The applicant refused to attend either appointment, on the basis that the notice was not proper, taking the position that it dealt only with MIG issues. The applicant applied to the LAT for resolution of disputes over the benefits.
- Is the applicant in non-compliance with section 44 of the Schedule for refusing to attend an insurer’s examination? If so, what is the period of non-compliance?
- Is the applicant prohibited from bringing a claim for NEBs because he did not suffer a complete inability to carry on a normal life within 104 weeks after the accident?
- Do the applicant’s injuries fall within the MIG?
- Is the applicant entitled to receive a non-earner benefit in the amount of $185.00 per week for the period September 28, 2016 to-date, and ongoing?
- Is the applicant entitled to receive a medical benefit in the amount of $7,945.17 for physiotherapy in a treatment plan dated March 28, 2016?
- Is the applicant entitled to interest on any overdue payment of benefits?
- The applicant is in non-compliance with section 44 of the Schedule and as a result of the applicant’s non-compliance, he is not permitted to proceed with his application for a medical benefit in the amount of $7,945.17 for physiotherapy.
- The applicant has not suffered a complete inability to carry on a normal life as a result of, and within 104 weeks after the accident. The applicant is not entitled to receive a non-earner benefit in the amount of $185.00 per week for the period September 28, 2016 to-date, and ongoing.
- The applicant’s injuries fall within the MIG.
- The applicant is not entitled to any interest.

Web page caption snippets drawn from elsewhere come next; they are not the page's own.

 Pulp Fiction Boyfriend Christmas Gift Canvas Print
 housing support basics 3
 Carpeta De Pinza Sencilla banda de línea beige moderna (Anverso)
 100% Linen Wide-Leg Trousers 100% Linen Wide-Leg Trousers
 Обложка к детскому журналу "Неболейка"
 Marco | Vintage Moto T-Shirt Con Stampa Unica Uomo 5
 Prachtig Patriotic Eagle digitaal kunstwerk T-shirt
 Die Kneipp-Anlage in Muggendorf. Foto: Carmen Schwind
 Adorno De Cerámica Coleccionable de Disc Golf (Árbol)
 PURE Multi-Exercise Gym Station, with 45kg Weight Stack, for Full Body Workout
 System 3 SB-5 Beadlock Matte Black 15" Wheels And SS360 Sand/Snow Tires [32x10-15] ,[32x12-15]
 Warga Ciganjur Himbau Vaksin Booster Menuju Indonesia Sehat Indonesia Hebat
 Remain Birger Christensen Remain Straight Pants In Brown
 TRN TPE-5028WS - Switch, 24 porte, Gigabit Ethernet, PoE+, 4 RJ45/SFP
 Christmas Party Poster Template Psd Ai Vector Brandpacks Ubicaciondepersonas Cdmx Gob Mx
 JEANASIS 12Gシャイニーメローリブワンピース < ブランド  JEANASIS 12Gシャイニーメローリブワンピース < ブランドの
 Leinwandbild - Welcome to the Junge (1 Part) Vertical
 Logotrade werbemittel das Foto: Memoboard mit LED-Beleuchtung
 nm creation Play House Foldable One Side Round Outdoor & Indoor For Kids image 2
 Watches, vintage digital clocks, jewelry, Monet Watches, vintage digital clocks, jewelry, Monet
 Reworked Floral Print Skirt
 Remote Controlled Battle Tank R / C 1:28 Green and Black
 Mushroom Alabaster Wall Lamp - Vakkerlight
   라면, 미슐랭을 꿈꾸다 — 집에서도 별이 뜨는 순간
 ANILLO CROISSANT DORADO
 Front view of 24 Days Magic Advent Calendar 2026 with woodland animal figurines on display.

Section 44 of the Schedule permits an insurer to require an insured to be examined by a regulated health professional to determine if the insured is entitled to benefits. The notice for any IE has to set out the medical and any other reasons for the examination and the particulars of the examination (date, time, location, who will conduct the exam, etc.). The courts have held that if an insurer believes that the MIG applies, it must indicate in the notice the following information: that it has reviewed the treating health practitioner’s opinion; has reviewed the MIG and compared it to the treating health practitioner’s opinion; and concluded that in its view, the applicant’s treating health practitioner has not provided compelling evidence that the applicant’s injuries fall outside the MIG.
If the insured fails to attend the IE, then pursuant to Section 55(1)2 of the Schedule, the insured shall not proceed with an application to the Tribunal until the insured has complied with Section 44.
The Adjudicator reviewed Aviva’s letter dated April 8, 2016 and concluded that Aviva’s EOB meets all of the requirements for proper notice.
The applicant did not address the Section 44 issue in his written submissions. He did not provide any evidence as to why he did not attend the IE or in what way the notice was deficient.
On that basis the Adjudicator found that the applicant is prevented from proceeding with his application, until he complies with the Section 44 request by Aviva.
The Adjudicator then turned to the NEB application and noted that the onus is on the applicant to prove his case. The Adjudicator noted that there was not sufficient evidence before to show that the applicant suffered a complete inability to carry on a normal life as a result, and within 104 weeks, of the accident.